When does implantation happen?
Once sperm meets egg, that growing embryo needs to get settled in your womb, but how long does implantation take? Well, after an egg has been fertilized, it takes several days for it to travel from the fallopian tube to your uterus, according to WebMD. The embryo continues growing and dividing, but it ultimately needs a place to implant. And then you’re in business.
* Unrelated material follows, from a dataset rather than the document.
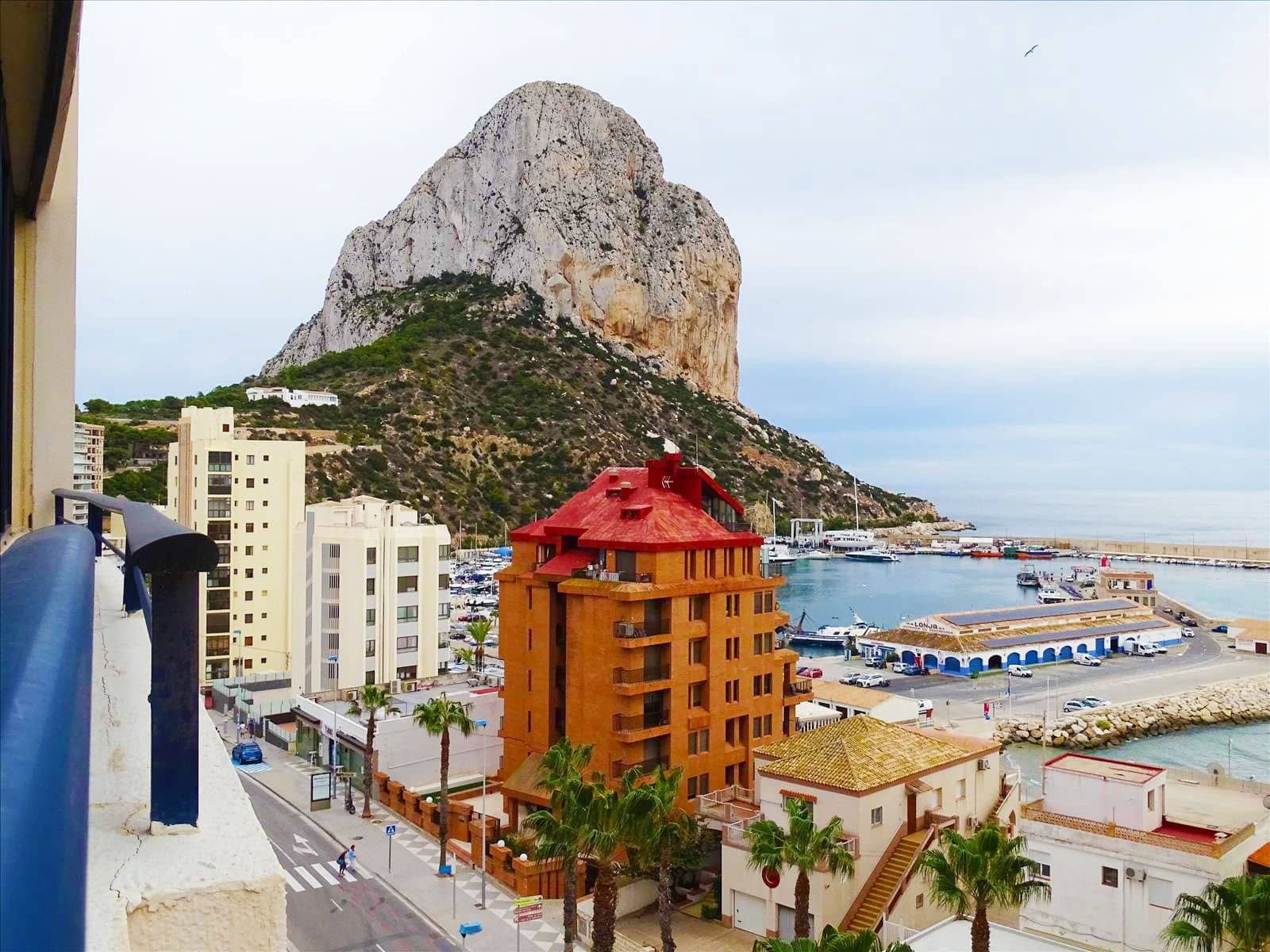 2 bedroom Apartment for sale in Calpe / Calp with garage - € 550,000 (Ref: 7935265)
It can be anywhere between six and 12 days following conception, about a week or so after ovulation, according to the American Pregnancy Association. For one-third of women, it’s accompanied by light spotting, called implantation bleeding, which can be your earliest sign of pregnancy. The reason: When the fertilized egg implants in the uterine lining, it breaks small blood vessels. And the spotting tends to be a little heavier with a first pregnancy. So, if you see a small bit of pink or brown discharge, that lasts anywhere from a couple of hours to a few days, don’t panic. You may be pregnant!
Signs of implantation
When you’re TTC, you tend to tune into every teeny-tiny change in your body. So during implantation, you may notice a few subtle accompanying implantation symptoms. You may have some light cramping, headaches and mood swings as your hormones surge. If you have heavy bleeding though, and it’s accompanied by fever, chills or worsening cramps, you’ll want to call your doctor ASAP. It may indicate a more serious condition, like an ectopic pregnancy.
While these early pregnancy symptoms may have you eager to take a pregnancy test, you’ll want to hold off for another week or two. For a more accurate result, it’s recommended that you wait until the week following your missed period. You wouldn’t want to get a disappointing negative, only to later find out you did in fact have a bun in the oven.